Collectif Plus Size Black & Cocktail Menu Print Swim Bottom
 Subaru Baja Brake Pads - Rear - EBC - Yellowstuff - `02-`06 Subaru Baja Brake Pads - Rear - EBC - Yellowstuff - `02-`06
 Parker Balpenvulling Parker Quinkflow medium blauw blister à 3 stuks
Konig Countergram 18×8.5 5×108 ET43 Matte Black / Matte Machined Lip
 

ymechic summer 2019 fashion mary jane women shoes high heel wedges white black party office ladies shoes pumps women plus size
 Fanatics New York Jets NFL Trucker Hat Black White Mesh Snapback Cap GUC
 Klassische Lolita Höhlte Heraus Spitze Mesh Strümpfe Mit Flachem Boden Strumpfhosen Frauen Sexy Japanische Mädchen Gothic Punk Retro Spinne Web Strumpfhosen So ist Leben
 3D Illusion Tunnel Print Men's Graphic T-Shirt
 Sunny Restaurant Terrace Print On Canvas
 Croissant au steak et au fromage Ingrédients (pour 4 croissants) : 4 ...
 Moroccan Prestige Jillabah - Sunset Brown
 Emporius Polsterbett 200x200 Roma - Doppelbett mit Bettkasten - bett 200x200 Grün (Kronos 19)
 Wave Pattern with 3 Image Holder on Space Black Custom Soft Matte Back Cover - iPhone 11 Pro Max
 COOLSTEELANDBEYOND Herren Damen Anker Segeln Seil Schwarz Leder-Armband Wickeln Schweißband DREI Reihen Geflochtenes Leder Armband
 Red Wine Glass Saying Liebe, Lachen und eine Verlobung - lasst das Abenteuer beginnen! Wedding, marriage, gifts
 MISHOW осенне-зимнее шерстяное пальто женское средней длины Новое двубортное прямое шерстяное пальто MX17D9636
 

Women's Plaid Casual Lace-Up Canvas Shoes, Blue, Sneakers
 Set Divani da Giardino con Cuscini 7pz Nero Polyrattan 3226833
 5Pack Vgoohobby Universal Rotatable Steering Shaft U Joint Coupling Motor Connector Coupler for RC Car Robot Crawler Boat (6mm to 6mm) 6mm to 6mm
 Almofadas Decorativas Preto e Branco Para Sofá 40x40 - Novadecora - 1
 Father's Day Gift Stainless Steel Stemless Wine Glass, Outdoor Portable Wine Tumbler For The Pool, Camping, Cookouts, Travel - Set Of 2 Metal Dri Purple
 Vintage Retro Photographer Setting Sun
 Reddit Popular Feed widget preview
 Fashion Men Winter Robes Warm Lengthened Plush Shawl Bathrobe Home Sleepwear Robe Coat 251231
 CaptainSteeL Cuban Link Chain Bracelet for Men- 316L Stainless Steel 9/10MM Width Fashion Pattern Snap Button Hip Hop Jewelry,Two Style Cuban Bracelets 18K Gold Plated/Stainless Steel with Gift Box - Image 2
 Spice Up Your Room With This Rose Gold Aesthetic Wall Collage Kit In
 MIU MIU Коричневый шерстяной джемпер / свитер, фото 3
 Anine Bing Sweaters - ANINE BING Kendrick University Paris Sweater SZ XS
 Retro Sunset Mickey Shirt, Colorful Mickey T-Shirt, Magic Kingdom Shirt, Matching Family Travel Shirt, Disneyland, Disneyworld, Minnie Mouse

#####

### Required action
Word for word, repeat the data from its first line through the line with "Konig Countergram 18×8.5", including both of those lines and no others.

### Answer section
Collectif Plus Size Black & Cocktail Menu Print Swim Bottom
 Subaru Baja Brake Pads - Rear - EBC - Yellowstuff - `02-`06 Subaru Baja Brake Pads - Rear - EBC - Yellowstuff - `02-`06
 Parker Balpenvulling Parker Quinkflow medium blauw blister à 3 stuks
Konig Countergram 18×8.5 5×108 ET43 Matte Black / Matte Machined Lip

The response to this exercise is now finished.